**Work request:** From the listing below, output only the lines starting at the line that has "Школьные линейки парализовали" and ending at the line that has "Jakie są zalety", exactly as they appear, ends included.

**Provided information:**
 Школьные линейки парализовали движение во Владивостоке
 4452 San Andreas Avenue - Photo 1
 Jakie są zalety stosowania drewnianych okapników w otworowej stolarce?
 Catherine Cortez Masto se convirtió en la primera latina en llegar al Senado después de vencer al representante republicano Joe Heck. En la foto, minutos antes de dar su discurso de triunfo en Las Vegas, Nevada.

--

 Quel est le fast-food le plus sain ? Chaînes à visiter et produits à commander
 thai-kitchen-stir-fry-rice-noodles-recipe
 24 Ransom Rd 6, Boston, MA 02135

**Your solution:**
 Школьные линейки парализовали движение во Владивостоке
 4452 San Andreas Avenue - Photo 1
 Jakie są zalety stosowania drewnianych okapników w otworowej stolarce?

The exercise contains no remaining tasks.